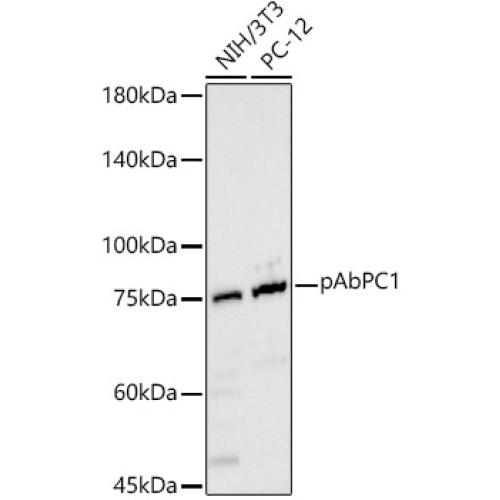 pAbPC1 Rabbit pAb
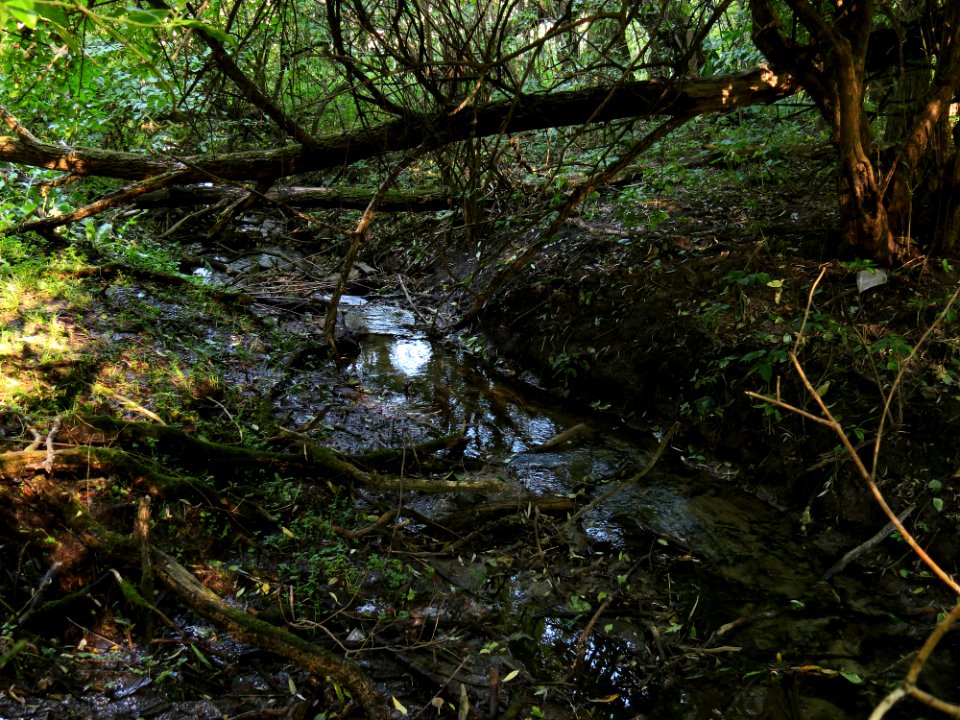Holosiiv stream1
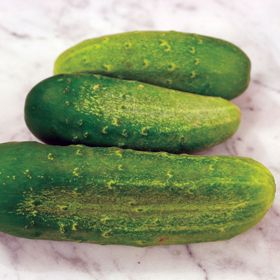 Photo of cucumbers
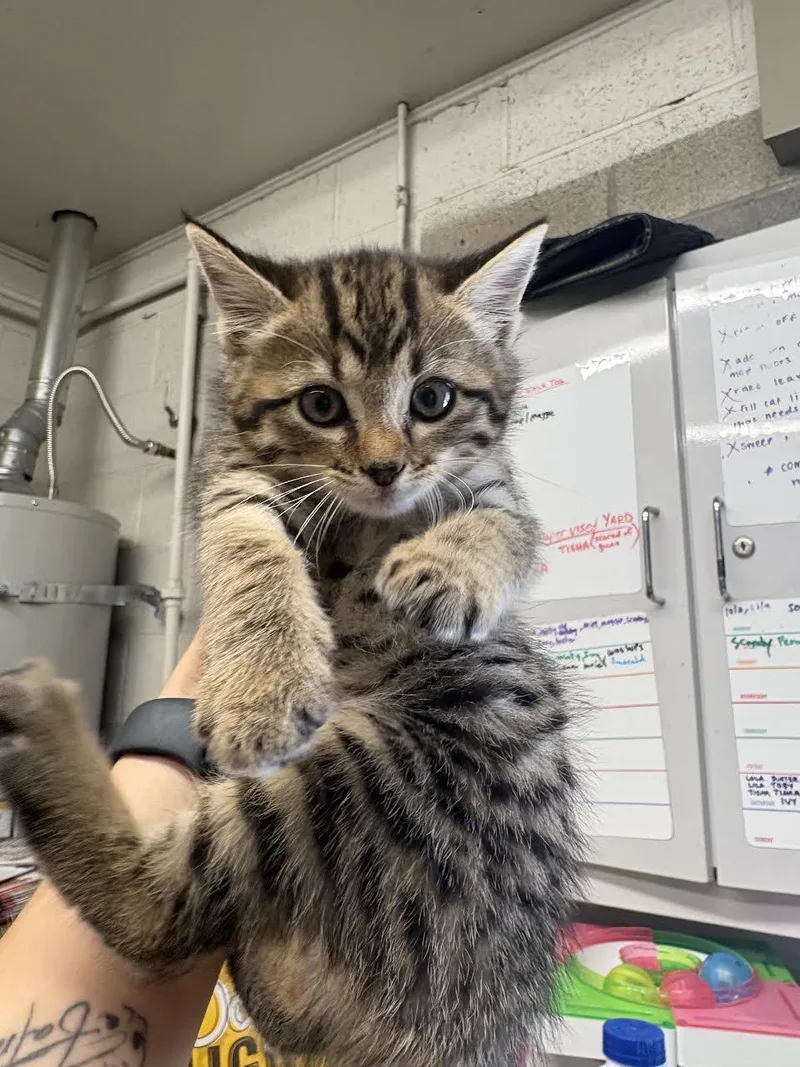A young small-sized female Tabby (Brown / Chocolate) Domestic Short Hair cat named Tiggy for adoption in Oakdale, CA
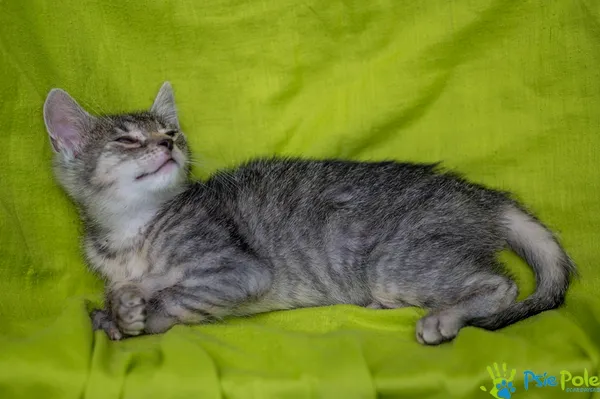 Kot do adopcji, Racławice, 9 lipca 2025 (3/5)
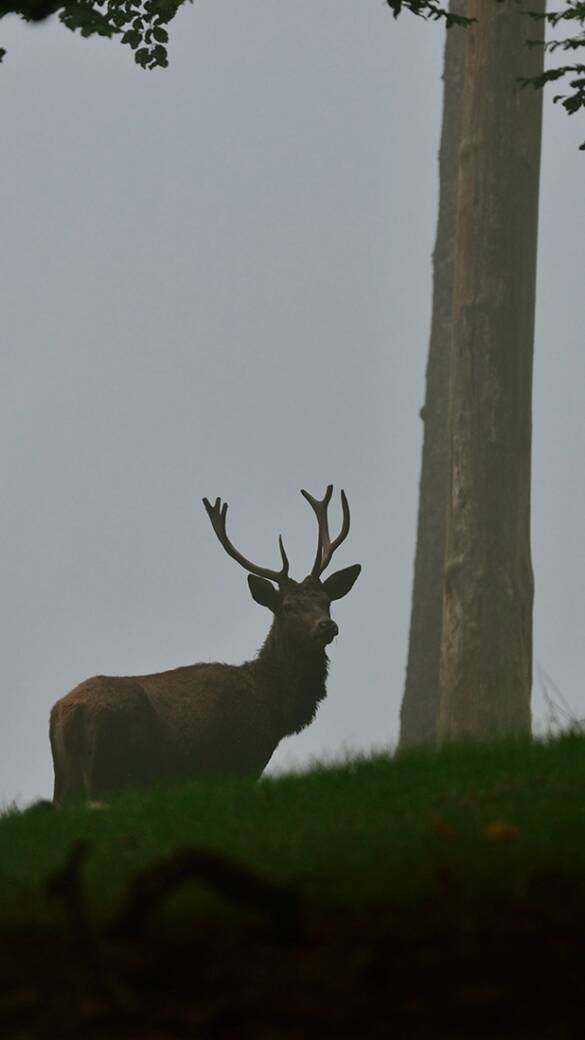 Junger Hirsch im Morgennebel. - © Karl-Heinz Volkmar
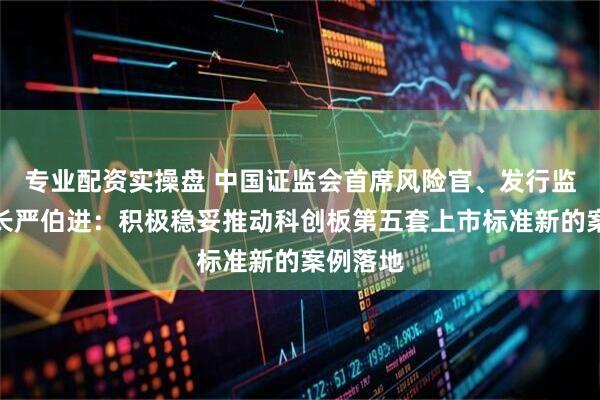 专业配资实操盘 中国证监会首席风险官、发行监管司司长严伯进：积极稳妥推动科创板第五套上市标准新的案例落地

===

TASK STATEMENT: All that should be printed is the lines from the one containing "Kot do adopcji, Racławice, 9" through the last line of the material above, both ends included, exactly as they stand; please skip the pictures.

ANSWER BOX:
 Kot do adopcji, Racławice, 9 lipca 2025 (3/5)
 Junger Hirsch im Morgennebel. - © Karl-Heinz Volkmar
 专业配资实操盘 中国证监会首席风险官、发行监管司司长严伯进：积极稳妥推动科创板第五套上市标准新的案例落地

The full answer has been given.